Badges will have tooltips on hover that provide additional information.

We will also add a page to doc.crates.io that details all possible indicators and their values, and explains to crate authors how to configure or earn the different badges.

Drawbacks

We might create a system that incentivizes attributes that are not useful, or worse, actively harmful to the Rust ecosystem. For example, the documentation percentage could be gamed by having one line of uninformative documentation for all public items, thus giving a score of 100% without the value that would come with a fully documented library. We hope the community at large will agree these attributes are valuable to approach in good faith, and that trying to game the badges will be easily discoverable. We could have a reporting mechanism for crates that are attempting to gain badges artificially, and implement a way for administrators to remove badges from those crates.

Alternatives

Manual curation

  1. We could keep the default ranking as number of downloads, and leave further curation to sites like Awesome Rust.
  1. We could build entirely manual ranking into crates.io, as Ember Observer does. This would be a lot of work that would need to be done by someone, but would presumably result in higher quality evaluations and be less vulnerable to gaming.
  1. We could add user ratings or reviews in the form of upvote/downvote, 1-5 stars, and/or free text, and weight more recent ratings higher than older ratings. This could have the usual problems that come with online rating systems, such as spam, paid reviews, ratings influenced by personal disagreements, etc.

More sorting and filtering options

There are even more options for interacting with the metadata that crates.io has than we are proposing in this RFC at this time. For example:

  1. We could add filtering options for metadata, so that each user could choose, for example, "show me only crates that work on stable" or "show me only crates that have a version greater than 1.0".

  2. We could add independent axes of sorting criteria in addition to the existing alphabetical and number of downloads, such as by number of owners or most recent version release date.

We would probably want to implement saved search configurations per user, so that people wouldn't have to re-enter their criteria every time they wanted to do a similar search.

Unresolved questions

All questions have now been resolved.

Appendix: Comparative Research

This is how other package hosting websites handle default sorting within categories.

Django Packages

Django Packages has the concept of grids, which are large tables of packages in a particular category. Each package is a column, and each row is some attribute of packages. The default ordering from left to right appears to be GitHub stars.

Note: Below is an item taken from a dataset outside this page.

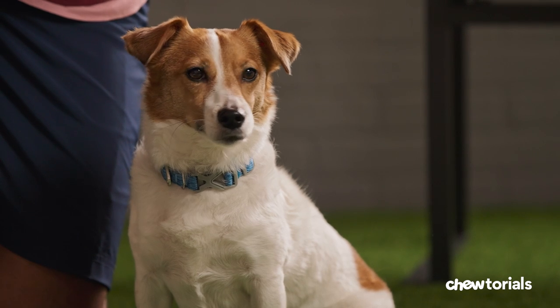Your bestie may be pretty good at chasing after a ball, but returning it can be tricky. Teach them how to fetch, and it can become a fave activity in no time. But be aware of your dog's physical limitations. If they have trouble running or walking, check with your vet first. They're good to go? Just follow me.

Example of a Django Packages grid

Libhunt

Libhunt pulls libraries and categories from Awesome Rust, then adds some metadata and navigation.

The default ranking is relative popularity, measured by GitHub stars and scaled to be a number out of 10 as compared to the most popular crate. The other ordering offered is dev activity, which again is a score out of 10, relative to all other crates, and calculated by giving a higher weight to more recent commits.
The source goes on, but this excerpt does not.